就業規則には「皆勤手当は、当該賃金計算期間において遅刻・早退・欠勤がなかった者に対して、月額○円を支給する。」というような規定を置くのが一般的かと思います。
この場合、有休を使ったため実勤務が無かった場合を欠勤と捉えて、皆勤手当を支給していないケースもあります。ただ、労働基準法附則136条では、「使用者は、第39条第1項から第4項までの規定による有給休暇を取得した労働者に対して、賃金の減額その他不利益な取扱いをしないようにしなければならない」と定めており、上記のような皆勤手当の不支給は問題とならないのでしょうか。
年次有給休暇の取得に対する不利益取扱いをめぐって争われた判例では、平成5年6月25日の最高裁判決:沼津交通事件が有名です。この判決では、年休を取得したタクシー会社の乗務員に対する皆勤手当の不支給が、年休権行使を妨げるか否かの判断基準として、「その趣旨、目的、労働者が失う経済的利益の程度」等を挙げています。これらの状況を総合して年休取得権の行使を抑制するものではないかぎり、公序に反する無効なものとはいえないとしました。
この事件で争われた皆勤手当の額は月4,100円で、欠勤1日で半額、2日以上で不支給とするものでした。(給与月額の最大1.85%)
もう一つ有名な事件として、日本シェーリング事件(最高裁判決:平成元年12月14日)があります。こちらは、年休を含め不就労を除外して稼働率を算定した結果、80%以下の者を昇給対象から除外するという制度を巡って争われた事件です。
有休取得によって昇給に影響を与え、ひいては退職金にまで影響を及ぼすもので、経済的不利益が大きく、年休権行使を抑制し、法の趣旨を実質的に失わせるものとして公序に反して無効と判断されました。
この2つの判決は、経済的影響の程度で結論が分かれていますので、賃金に占める皆勤手当の割合が僅かである場合は、有休取得によって皆勤手当を不支給とする制度も有効と判断される余地はあります。しかし、そもそも皆勤手当を支給する趣旨から考えると、支給割合が低すぎては皆勤のモチベーションとなりにくいかと思います。
よって、私が考える実務的な取扱いとしては、有給休暇の取得ルールを定めるのが有効かと思います。
第〇条 従業員が年次有給休暇を取得するときは、原則として〇日前までに所定の手続により、会社に届け出なければならない。

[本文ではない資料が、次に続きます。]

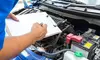 Emissions Test and State Inspection at Meineke - East Petersburg (Up to 45% Off)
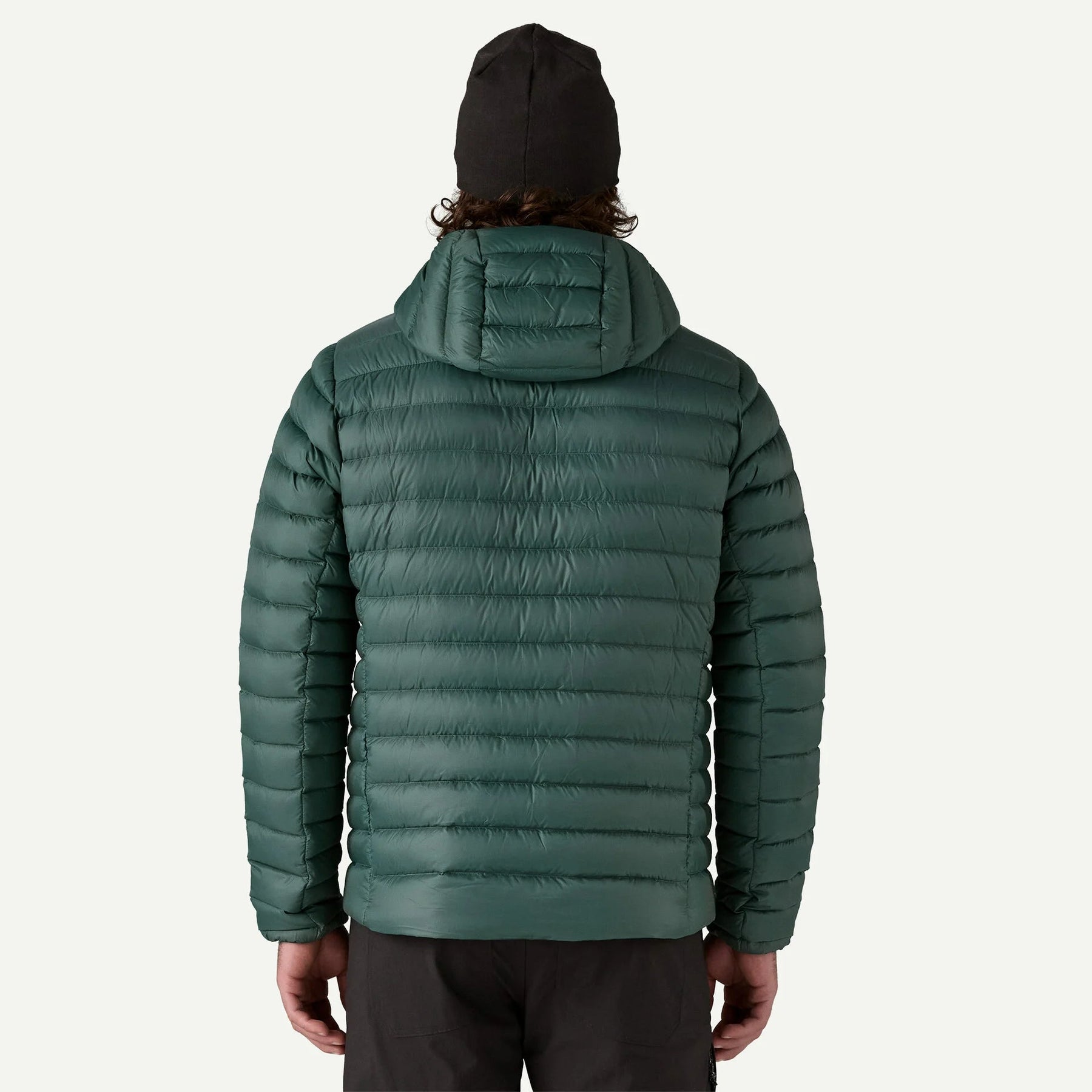 Patagonia M's Down Sweater™ Hoody Patagonia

このような場合は会社の承認により、欠勤ではなく有給に振り替える余地を残すという趣旨の規定です。ただ、このような突発的な有休取得が当たり前のように行われると会社の規律が維持できません。予定外の欠勤によりその穴を埋める他の従業員の負担も考慮すると、何らかの抑止策を講じる必要があるかと思います。
その抑止策として、このように本来欠勤と扱うべきところを、有休に振り替えたような場合は、皆勤手当の減額もやむを得ないのではないかと私は考えます。
また、付与ルールを検討するにあたっては、実施的に年休行使権を抑制することにならないように留意する必要があります。